§ **Supplied data**

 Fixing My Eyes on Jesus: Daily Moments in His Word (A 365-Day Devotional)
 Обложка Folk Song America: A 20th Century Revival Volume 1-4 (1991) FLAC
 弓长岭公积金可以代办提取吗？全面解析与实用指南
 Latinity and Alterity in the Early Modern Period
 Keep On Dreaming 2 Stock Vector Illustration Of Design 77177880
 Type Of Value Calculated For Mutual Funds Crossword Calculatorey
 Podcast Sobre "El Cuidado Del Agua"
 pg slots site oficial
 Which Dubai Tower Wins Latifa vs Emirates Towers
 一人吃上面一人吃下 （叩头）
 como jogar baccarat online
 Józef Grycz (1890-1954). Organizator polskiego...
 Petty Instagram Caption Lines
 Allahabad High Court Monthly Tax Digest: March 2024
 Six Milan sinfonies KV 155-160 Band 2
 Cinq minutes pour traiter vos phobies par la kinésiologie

§ **What the task requires**
Reproduce the data exactly, altering nothing.

§ **Exercise answer**
 Fixing My Eyes on Jesus: Daily Moments in His Word (A 365-Day Devotional)
 Обложка Folk Song America: A 20th Century Revival Volume 1-4 (1991) FLAC
 弓长岭公积金可以代办提取吗？全面解析与实用指南
 Latinity and Alterity in the Early Modern Period
 Keep On Dreaming 2 Stock Vector Illustration Of Design 77177880
 Type Of Value Calculated For Mutual Funds Crossword Calculatorey
 Podcast Sobre "El Cuidado Del Agua"
 pg slots site oficial
 Which Dubai Tower Wins Latifa vs Emirates Towers
 一人吃上面一人吃下 （叩头）
 como jogar baccarat online
 Józef Grycz (1890-1954). Organizator polskiego...
 Petty Instagram Caption Lines
 Allahabad High Court Monthly Tax Digest: March 2024
 Six Milan sinfonies KV 155-160 Band 2
 Cinq minutes pour traiter vos phobies par la kinésiologie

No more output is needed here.